As many have already pointed out, the HPMA policy that was first forged in the Bute agreement isn’t just an SNP-Green policy, is pretty much, at baseline, an every-party policy. Scottish Labour for instance promised to protect 10% of our seas as HPMA and a further 20% as MPA.

One has to wonder if any one of these parties would have created a consultation that was very much better – and I hope they are watching and learning, and that what they are taking from this is that engagement must work harder but that HPMAs are not to be ditched.

I’m not entirely optimistic though – not when I see a tweet by journalist and prospective Scottish Labour candidate for Na h-Eileanan an Iar, Torcuil Crichton saying that Labour would put a “red stop” on HPMAs.

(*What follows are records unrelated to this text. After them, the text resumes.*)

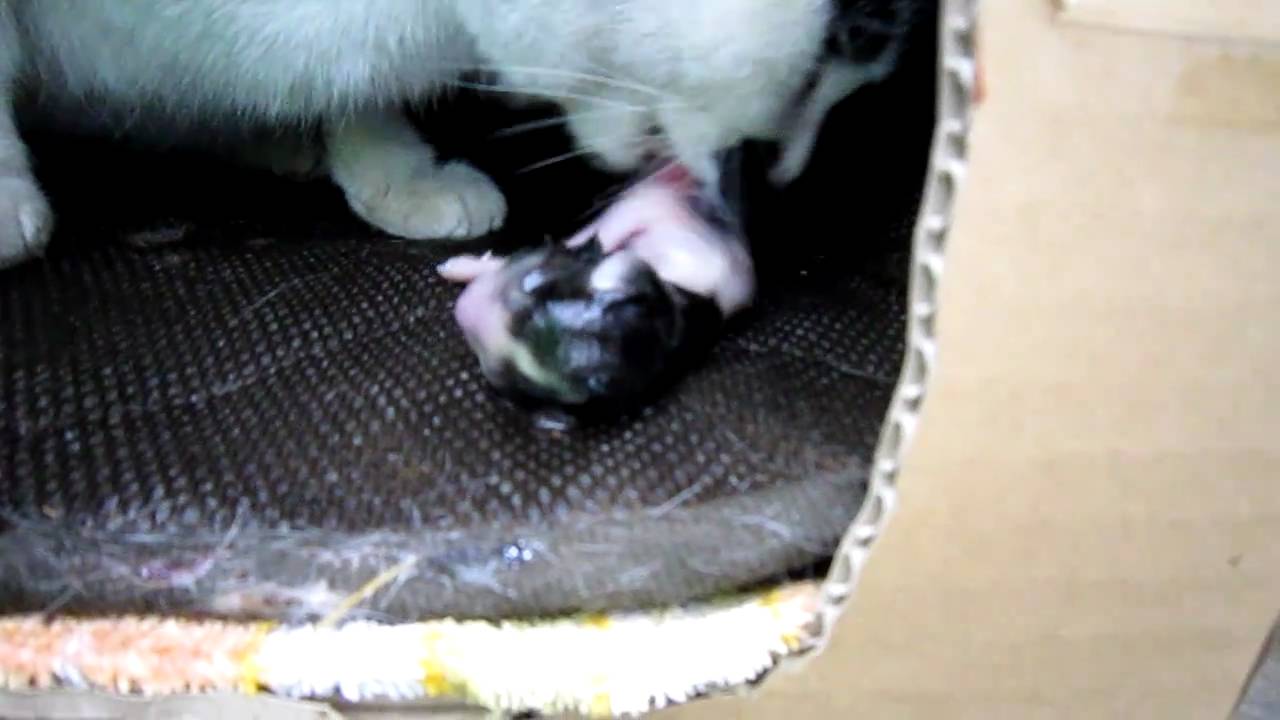 Stray cat gives birth in our balcony 2/5 YouTube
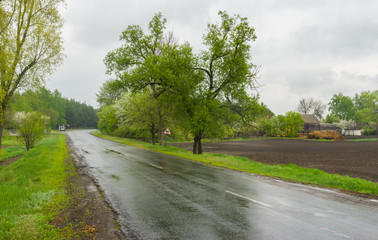 Fototapeta na wymiar Wet spring in rural area, central Ukraine
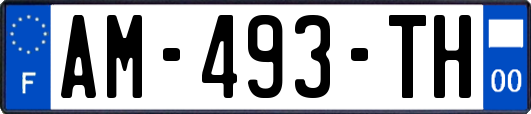 AM-493-TH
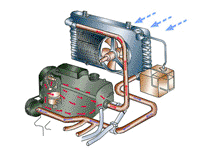 ��������Ŵ�ͼ��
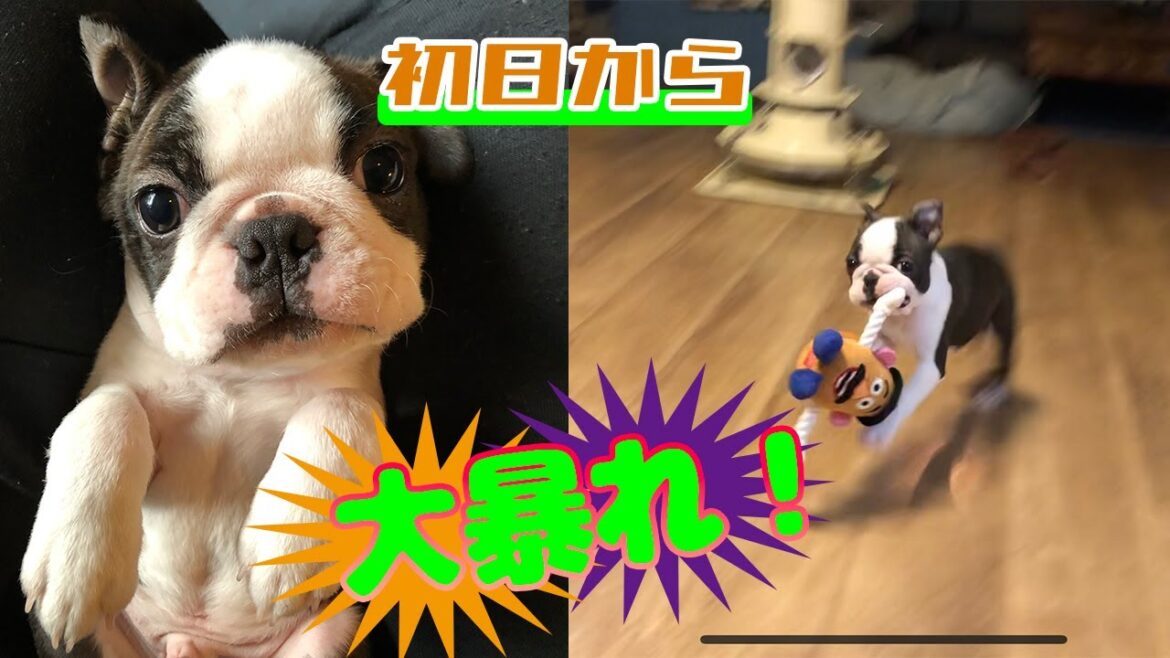 第2話「ボストンテリアの赤ちゃん、おむかえの初日から大暴れ！」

READ MORE: ScotGov's HPMA marine plan declared a 'distraction'

READ MORE: The incredible life of Scotland's seabed revealed

It's worth remembering that HPMAs aren’t just a Scottish thing. England has also been creating them. Both countries have been inspired by the 2020 Benyon Review, which advised that HPMAs would have an important role in helping the marine ecosystem recover and that there could be spill-over benefits for marine life in adjacent areas to highly protected areas.

DEFRA’s recent creation of five highly protected marine areas also had its own bumpy ride, which resulted in two of the original seven areas being dropped due to "socioeconomic impacts".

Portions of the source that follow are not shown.